[OSM-talk] Exceeded API bandwidth limit, now what?

Ævar Arnfjörð Bjarmason avarab at gmail.com
Tue Sep 14 20:17:30 BST 2010


On Tue, Sep 14, 2010 at 19:02, Michal Migurski <mike at stamen.com> wrote:
> On Sep 14, 2010, at 12:06 AM, Frederik Ramm wrote:
>
>> Hi,
>>
>> Michal Migurski wrote:
>>> I'm downloading London, in small sections. I just exceeded my API bandwidth limit.
>>
>> Get
>>
>> http://download.geofabrik.de/osm/europe/great_britain/england.osm.bz2
>>
>> then do
>>
>> bzcat england.osm.bz2 | time osmosis --rx - --bb left=-.6 bottom=51.3 right=.4 top=51.7 --wx london.osm
>>
>> (or whatever "London" is for you).
>
> Thanks guys. I understand about the extracts, I've used them extensively for years.
>
> I'm experimenting with a way to get at smaller areas of OSM data (generally city-sized) for a possible update to http://tiledrawer.com, and I'm hoping to understand how to both work within the API limitations and be able to piecemeal together a town-sized area without requiring end-users to deal with bzip files or osm2pgsql on their own.
>
> The code I'm developing is here:
>        http://github.com/migurski/TileStache/blob/osm-mirror/TileStache/Goodies/Providers/MirrorOSM.py
>
> It's a provider class for Tilestache that mirrors OSM on a tile-by-tile basis.
>
> Is there any interest here in publishing the OSM API via tile-like URLs?

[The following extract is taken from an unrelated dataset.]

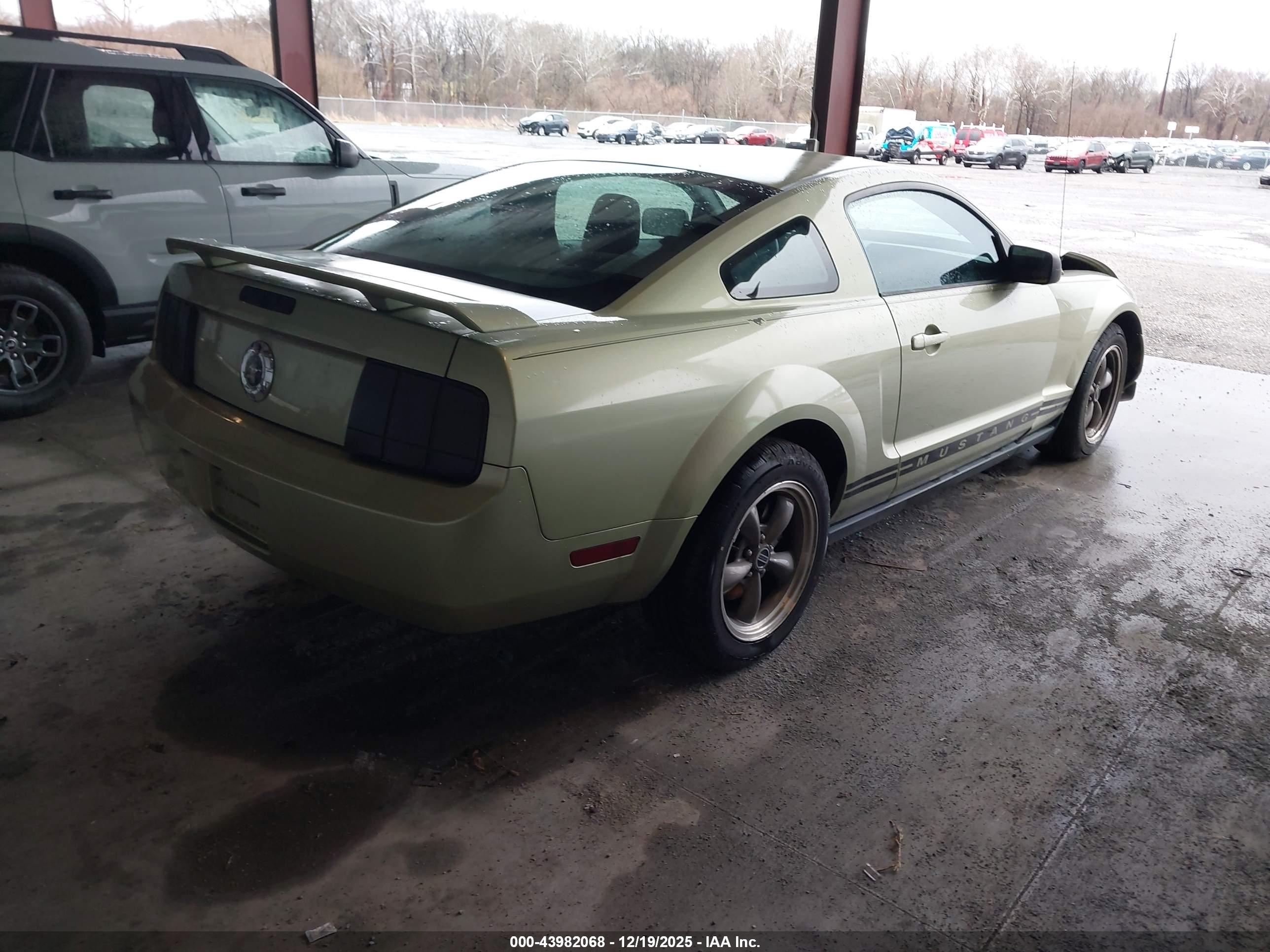 FORD MUSTANG image 4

For example, being able to make a request like this to pull a chunk of bounded XML cached out of the OSM API:
>        http://tile.openstreetmap.org/14/2627/6331.xml  <---- note "xml" on the end
>
> The advantages with this should be plainly obvious: a source of data that's trivially cacheable, on the order of hours-to-days old, and available for specific areas of the world, without the massive download and parse overhead of OSM extracts.

Have you looked into the TRAPI? It does that on a z12-basis, it could
probably be extended for bigger/smaller requests.

Anyway, the use case for this sort of thing is much smaller than you'd
think, because:

 * Splitting the tiles makes a lot of things like routing / clicking
   on a complete way hard.

 * Applications that used this would need to suck down a lot of XML to
   get the small subset of the data that they want, having a database
   that serves up custom data is much more efficient.

But on the upside it's simple and scalable with proxies.